▶ _Problem description_
Read each of the lines below and tally those with "Volkswagen"; the tally is the whole answer.

[Data items]
BEGIN
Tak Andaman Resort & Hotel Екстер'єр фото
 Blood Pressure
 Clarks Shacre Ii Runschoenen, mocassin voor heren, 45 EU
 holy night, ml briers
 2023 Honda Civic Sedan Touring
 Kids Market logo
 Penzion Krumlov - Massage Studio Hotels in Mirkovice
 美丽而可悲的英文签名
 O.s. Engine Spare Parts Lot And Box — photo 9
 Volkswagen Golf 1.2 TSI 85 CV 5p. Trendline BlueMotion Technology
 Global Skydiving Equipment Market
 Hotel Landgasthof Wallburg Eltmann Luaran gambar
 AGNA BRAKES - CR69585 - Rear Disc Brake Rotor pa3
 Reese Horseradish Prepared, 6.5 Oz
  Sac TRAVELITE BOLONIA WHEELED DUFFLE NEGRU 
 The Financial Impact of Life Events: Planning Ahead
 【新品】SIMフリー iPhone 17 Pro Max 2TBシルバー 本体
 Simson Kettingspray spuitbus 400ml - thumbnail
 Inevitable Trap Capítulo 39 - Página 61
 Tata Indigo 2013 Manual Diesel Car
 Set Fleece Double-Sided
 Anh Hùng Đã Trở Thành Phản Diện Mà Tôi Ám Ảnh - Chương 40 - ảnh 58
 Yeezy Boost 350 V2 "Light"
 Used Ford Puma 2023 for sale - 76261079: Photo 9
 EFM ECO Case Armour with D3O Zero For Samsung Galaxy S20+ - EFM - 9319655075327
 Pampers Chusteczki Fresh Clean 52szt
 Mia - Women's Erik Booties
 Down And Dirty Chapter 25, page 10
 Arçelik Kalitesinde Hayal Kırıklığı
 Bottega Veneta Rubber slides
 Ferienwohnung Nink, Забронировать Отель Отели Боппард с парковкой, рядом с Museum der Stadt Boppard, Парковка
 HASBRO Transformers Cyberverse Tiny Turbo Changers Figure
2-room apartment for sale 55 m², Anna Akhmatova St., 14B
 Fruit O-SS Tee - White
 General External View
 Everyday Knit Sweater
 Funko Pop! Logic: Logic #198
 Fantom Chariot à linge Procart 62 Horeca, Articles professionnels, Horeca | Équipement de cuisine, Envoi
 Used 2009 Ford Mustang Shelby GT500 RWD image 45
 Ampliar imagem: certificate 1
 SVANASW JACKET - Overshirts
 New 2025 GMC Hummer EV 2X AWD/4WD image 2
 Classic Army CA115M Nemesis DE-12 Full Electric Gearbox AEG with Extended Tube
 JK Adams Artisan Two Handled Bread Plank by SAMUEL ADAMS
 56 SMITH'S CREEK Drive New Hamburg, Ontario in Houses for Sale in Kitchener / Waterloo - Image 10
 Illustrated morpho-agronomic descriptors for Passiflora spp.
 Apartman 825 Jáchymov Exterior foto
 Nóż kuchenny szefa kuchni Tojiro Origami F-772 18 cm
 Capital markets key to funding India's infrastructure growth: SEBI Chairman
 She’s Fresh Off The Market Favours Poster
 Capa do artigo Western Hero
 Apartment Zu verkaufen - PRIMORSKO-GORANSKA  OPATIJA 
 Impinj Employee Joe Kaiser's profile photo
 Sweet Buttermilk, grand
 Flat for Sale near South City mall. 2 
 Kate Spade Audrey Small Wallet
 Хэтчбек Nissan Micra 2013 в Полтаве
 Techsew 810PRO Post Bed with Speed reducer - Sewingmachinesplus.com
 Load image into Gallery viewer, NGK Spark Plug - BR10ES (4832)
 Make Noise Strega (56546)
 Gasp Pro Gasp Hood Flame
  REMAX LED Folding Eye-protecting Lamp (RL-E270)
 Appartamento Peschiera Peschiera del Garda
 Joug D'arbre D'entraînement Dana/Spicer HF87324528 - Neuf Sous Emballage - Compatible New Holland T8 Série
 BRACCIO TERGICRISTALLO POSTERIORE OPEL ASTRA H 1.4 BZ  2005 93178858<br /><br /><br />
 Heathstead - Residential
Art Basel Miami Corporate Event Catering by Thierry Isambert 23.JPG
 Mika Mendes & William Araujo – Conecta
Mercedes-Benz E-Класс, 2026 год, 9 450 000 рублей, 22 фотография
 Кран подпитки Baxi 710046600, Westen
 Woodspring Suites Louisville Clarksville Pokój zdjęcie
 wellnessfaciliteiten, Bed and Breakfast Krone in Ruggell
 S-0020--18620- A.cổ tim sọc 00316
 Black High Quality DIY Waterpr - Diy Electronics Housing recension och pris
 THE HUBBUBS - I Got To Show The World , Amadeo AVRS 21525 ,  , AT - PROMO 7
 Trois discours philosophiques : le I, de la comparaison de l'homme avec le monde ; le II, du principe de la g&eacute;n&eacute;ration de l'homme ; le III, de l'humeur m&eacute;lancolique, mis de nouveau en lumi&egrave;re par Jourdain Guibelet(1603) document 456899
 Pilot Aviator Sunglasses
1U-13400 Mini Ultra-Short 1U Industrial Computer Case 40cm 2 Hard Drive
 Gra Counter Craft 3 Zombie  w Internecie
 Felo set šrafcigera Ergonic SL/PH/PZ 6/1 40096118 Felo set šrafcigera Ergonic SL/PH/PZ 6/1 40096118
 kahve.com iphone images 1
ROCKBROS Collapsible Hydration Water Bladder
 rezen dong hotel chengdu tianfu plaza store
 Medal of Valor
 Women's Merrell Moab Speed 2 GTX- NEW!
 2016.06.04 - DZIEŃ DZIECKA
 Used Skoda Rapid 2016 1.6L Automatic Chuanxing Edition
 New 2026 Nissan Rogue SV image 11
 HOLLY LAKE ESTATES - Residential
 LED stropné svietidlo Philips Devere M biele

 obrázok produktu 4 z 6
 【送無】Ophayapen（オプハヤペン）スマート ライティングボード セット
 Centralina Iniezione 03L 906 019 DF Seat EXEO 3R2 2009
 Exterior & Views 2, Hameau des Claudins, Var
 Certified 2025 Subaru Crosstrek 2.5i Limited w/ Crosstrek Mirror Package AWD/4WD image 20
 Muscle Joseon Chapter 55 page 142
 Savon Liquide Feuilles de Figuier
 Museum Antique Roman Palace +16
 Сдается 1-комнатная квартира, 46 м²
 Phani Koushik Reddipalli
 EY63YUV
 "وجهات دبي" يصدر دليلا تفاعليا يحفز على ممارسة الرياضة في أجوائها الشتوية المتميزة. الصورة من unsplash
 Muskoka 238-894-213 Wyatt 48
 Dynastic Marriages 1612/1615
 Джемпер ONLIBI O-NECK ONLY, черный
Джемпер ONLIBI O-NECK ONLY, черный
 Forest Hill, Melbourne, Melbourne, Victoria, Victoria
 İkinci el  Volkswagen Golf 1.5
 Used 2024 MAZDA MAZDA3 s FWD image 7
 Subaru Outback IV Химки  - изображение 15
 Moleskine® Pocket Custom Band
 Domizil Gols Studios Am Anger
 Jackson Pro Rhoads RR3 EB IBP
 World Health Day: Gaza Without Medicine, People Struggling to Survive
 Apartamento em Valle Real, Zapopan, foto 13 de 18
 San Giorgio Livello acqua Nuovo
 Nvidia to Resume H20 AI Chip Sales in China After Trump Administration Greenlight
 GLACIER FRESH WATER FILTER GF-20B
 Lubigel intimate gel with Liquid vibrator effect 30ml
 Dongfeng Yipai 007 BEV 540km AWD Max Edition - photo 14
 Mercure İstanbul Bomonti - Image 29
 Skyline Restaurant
END
▶ _Task solution_
2